In 2014, the jubilee fiftieth edition of the International Festival of Organ and Chamber Music took place. Its rank was emphasized in a special way by the honorary patronage of the President of the Republic of Poland. The jubilee became an opportunity to sum up and recall the enormous significance of the Kamień festival in the musical life of Western Pomerania and Poland. This is why Kamień was called the "musical summer capital of Poland" many years ago.
For half a century, the festival has been organized by the Society of Lovers of the Kamień Land. In this work, the following entities cooperated with TMZK in subsequent years: the Szczecin Music Society, the Szczecin Culture Society, the Voivodeship House of Culture – the Pomeranian Dukes' Castle in Szczecin, the Kamień Pomorski Health Resort, the National Concert Office, the Kamień Culture Centre, the Roman Catholic Parish in Kamień Pomorski and the Mayor and City Council in Kamień Pomorski.

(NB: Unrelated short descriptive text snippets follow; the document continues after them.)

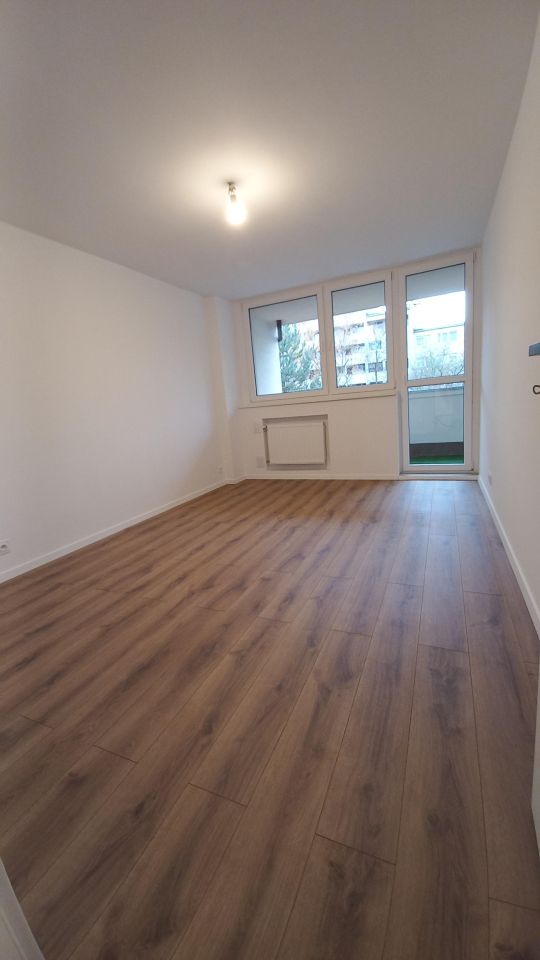 Mieszkanie 3-pokojowe Wrocław Kuźniki, ul. Hermanowska. Zdjęcie 6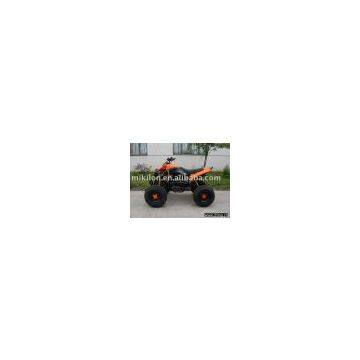 125CC/200CC/250CC Air Cooled Full Size ATV-orange-2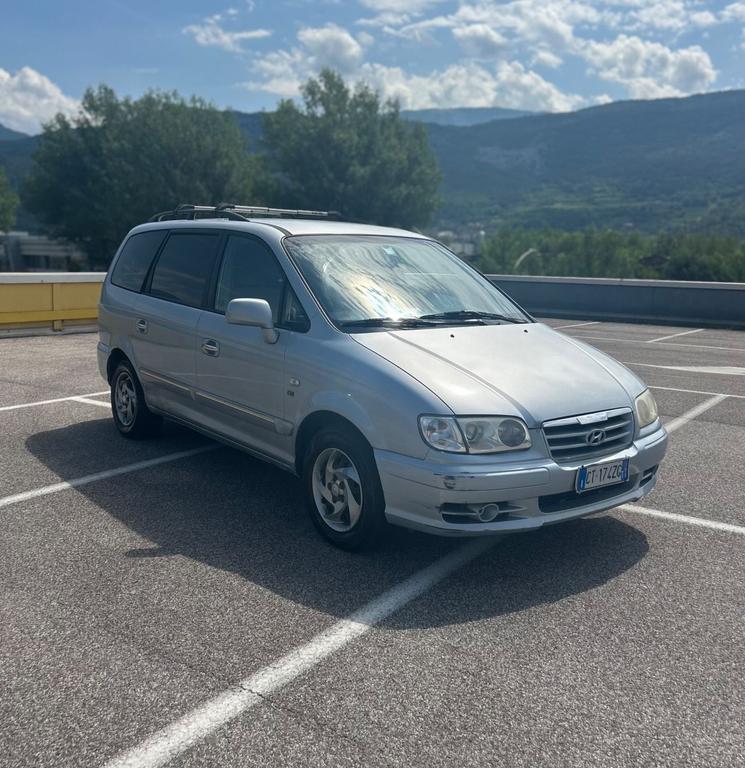 Hyundai Trajet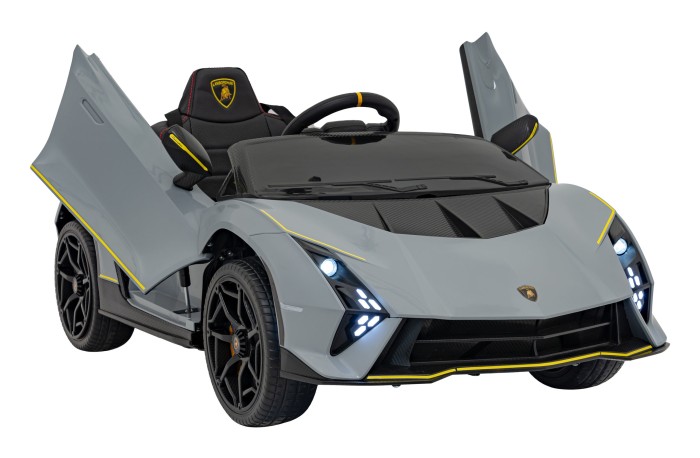 Pojazd Lamborghini Invencible Szary-19 7307 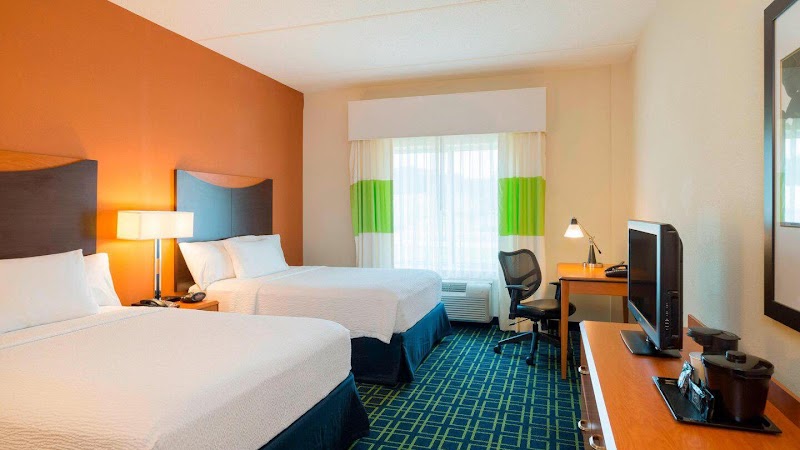 Fairfield Inn & Suites Huntingdon Route 22/Raystown Lake in Huntingdon, Pennsylvania, United States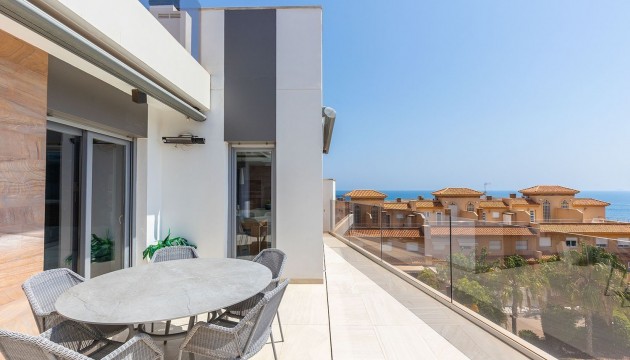 Resale - Apartment - Orihuela Costa - Cabo Roig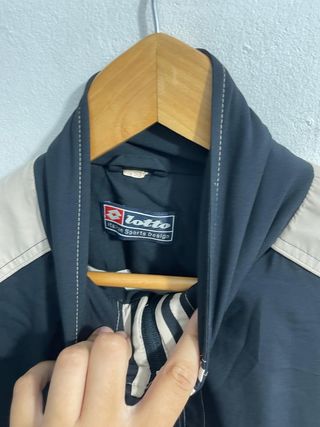 ¡¡OFERTA!! Talla M Chaqueta Lotto Vintage 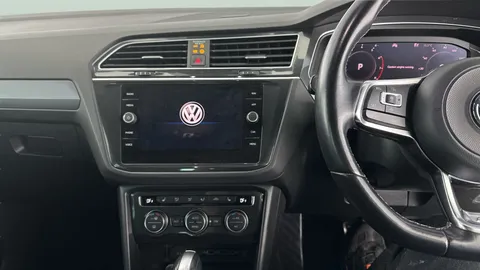 Thumbnail image for the Volkswagen Tiguan 1.5 TSI EVO R-Line Tech   DSG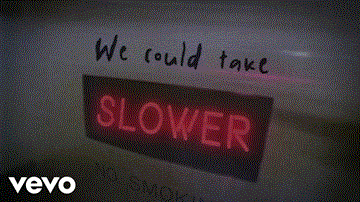Slower Lyrics - Tate McRae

The Kamien Festival is several hundred concerts, hundreds of performers, thousands of bars and just as many listeners. Over the years, organ and chamber music virtuosos from all over the world have performed for the audience gathered on Friday evenings in the cathedral in Kamień Pomorski. In 2015, the Kamień International Organ and Chamber Music Festival, the oldest in Western Pomerania and one of the oldest in Poland, entered another decade of its existence in order to fulfill the wish of Prince Ernest Bogusław de Croy "that God Almighty […] would deign to preserve the organ until the end of the world".